La pesca con le nasse, un mestiere difficile che continua nel tempo
“Ci vuole un giorno per realizzare una nassa piccola, due per quelle più grandi per pescare i gronchi, col giunco che arriva da Cagliari o da Catania e ora costa anche diecimila lire al chilo, perché il giunco non cresce a Bonagia (TP) e non è tutto lo stesso, c’è quello mascolino tondo, e quello fimmina più piatto, buoni tutti e due, ma troppo cari”
(Dal racconto di Rosa Barraco, costruttrice di nasse vissuta lo scorso secolo in provincia di Trapani).
Praticata per lo più nel Sud Italia, la pesca con le nasse ancora oggi offre spunti di romanticismo che difficilmente negli altri mestieri della pesca professionale si possono osservare. Basti pensare che questa pesca, tramandata di padre in figlio nei secoli, è rimasta immutata nel tempo.
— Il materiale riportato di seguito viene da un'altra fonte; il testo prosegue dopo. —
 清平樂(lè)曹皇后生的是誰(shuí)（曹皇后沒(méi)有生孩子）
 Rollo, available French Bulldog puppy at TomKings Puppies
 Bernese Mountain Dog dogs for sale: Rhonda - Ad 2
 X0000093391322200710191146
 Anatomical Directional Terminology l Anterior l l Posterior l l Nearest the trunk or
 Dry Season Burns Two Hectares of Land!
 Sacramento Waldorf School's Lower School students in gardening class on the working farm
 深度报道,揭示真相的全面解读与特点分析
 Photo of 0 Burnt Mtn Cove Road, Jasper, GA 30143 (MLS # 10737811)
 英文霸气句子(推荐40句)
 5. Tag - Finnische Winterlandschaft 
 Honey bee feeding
La struttura delle nasse, le imbarcazioni, le esche e i metodi di pesca non si sono piegate alla prepotente tecnologia che ha conquistato anche il mondo della pesca professionale. Sono rimasti in pochi, sparsi qua e là, molti lavorano nelle isole come Ustica o Lampedusa o lungo la costa meridionale della Sicilia. Anche in Calabria, in Veneto ed in Campania questa pesca continua anche se adesso è sempre più raro vederla utilizzata. Le imbarcazioni spesso piccole ed in legno si riconoscono subito per il grande numero di nasse che trasportano.
La nassa non è nient’altro che una “trappola” costruita a forma di Campana dove nella parte basale vi è un imbuto, con un piccolo foro che permette alla preda di entrare e di rimanervi intrappolata.
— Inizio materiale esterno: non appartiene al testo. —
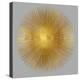 Sunburst on Grey I-Abby Young-Stretched Canvas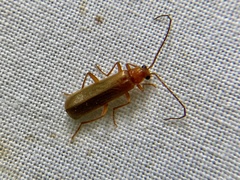 Rhagonycha translucida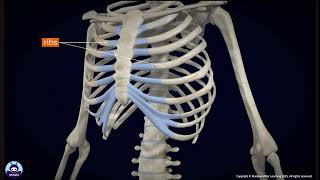 Sternum & Ribs | Grade 10 Life Science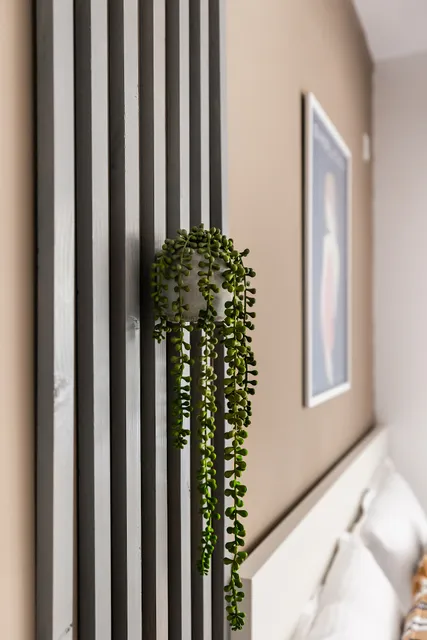 Simplicity Apartments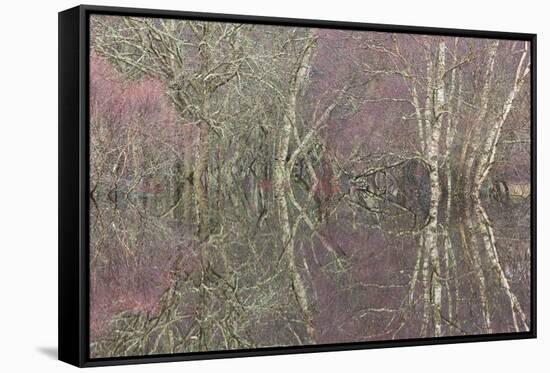 Flooded Birch and Alder Woodland in Autumn, Cairngorms National Park, Scotland, UK-Pete Cairns-Framed Stretched Canvas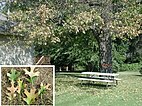 Foto dari daun dan biji pohon gejala oak layu di red oak tree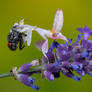 Orchid mantis eating flesh fly on lavender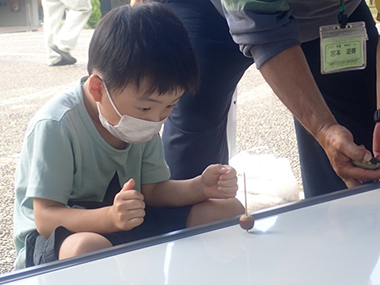 【当日受付】三木山チャレンジ②どんぐりごま大会とどんぐり集めて森づくり【三木山森林公園】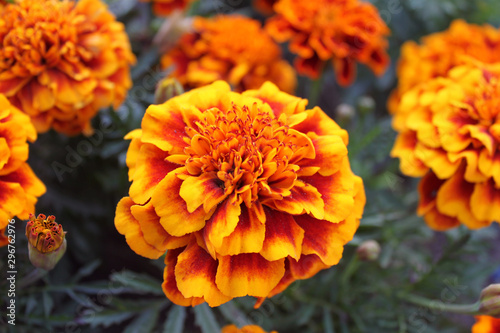 Mexican marigold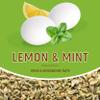 Les Anis de Flavigny Candy Mints, The French Mints, Vegan, Non-GMO, Made in France, Lemon and Mint Flavors, 40g Box, 2-Pack view 4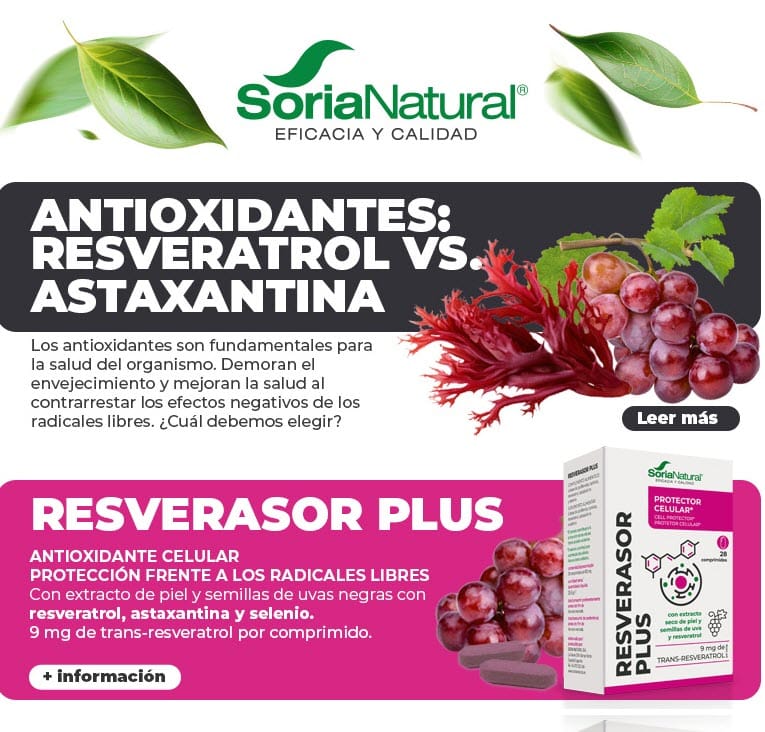 Antienvejecimiento y salud celular 🍇​ el poder de los antioxidantes 🧬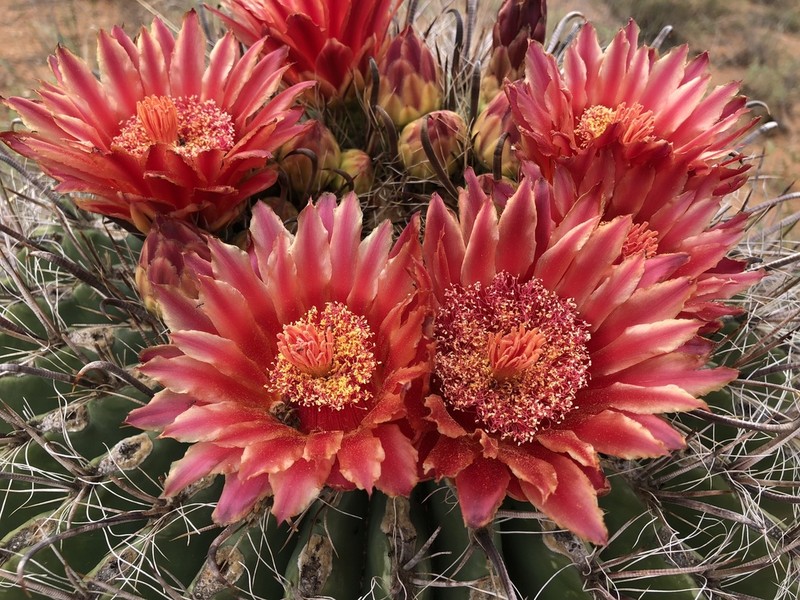 Candy Barrelcactus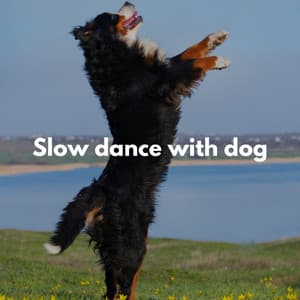 Slow dance with dog - Cafe Jazz Deluxe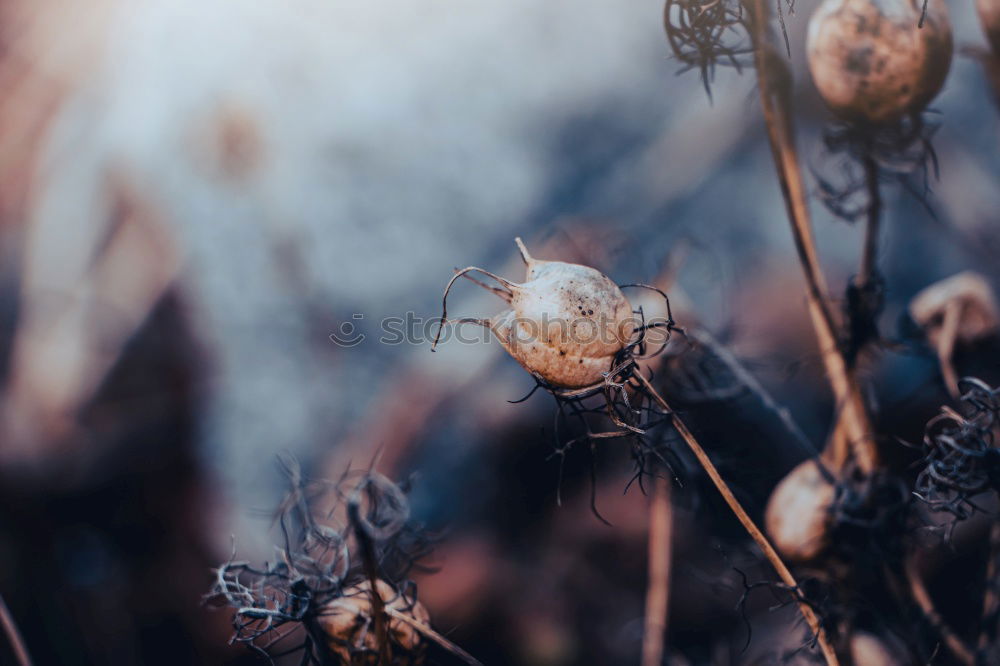 Similar – Dandelions 5 puff flowers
Ovviamente per invogliare il pesce o i crostacei ad entrarvi vengono inserite delle esche molto odorose che attireranno la preda all’interno dopo aver aguzzato l’ingegno e aver trovato l’entrata. Ma cosi come è difficile l’entrata all’interno della nassa, ancora più difficile è l’uscita, questo dato proprio dalla conformazione ad imbuto della trappola che non permetterà più alla preda di uscire.
Come e’ fatta
Oggi le nasse si possono trovare facilmente nei negozi, costruite in acciaio inossidabile con il retino in nylon, ma queste vengono utilizzate dai pescatori sportivi che per regolamentazione non possono imbarcare più di 2 nasse.
I pescatori professionali utilizzano ancora le nasse fatte a mano, costruite con tanta maestria, intrecciando rami di giunco, una pianta duttile che cresce spontanea soprattutto in Sicilia. Il lavoro dei nassari o nassaroli consiste nel calare le trappole solitamente prima del tramonto, per poi andare a recuperarle prima che il sole si alzi.
Un lavoro lungo e estremamente pesante. Le nasse si legano a coppia con una corda e un peso che solitamente consiste in un mattone di tufo, che permette alle nasse di andare a fondo.
Le nasse vengono segnalate in superficie dell’acqua con dei sugheri e bandierine che permettono al pescatore di individuarle.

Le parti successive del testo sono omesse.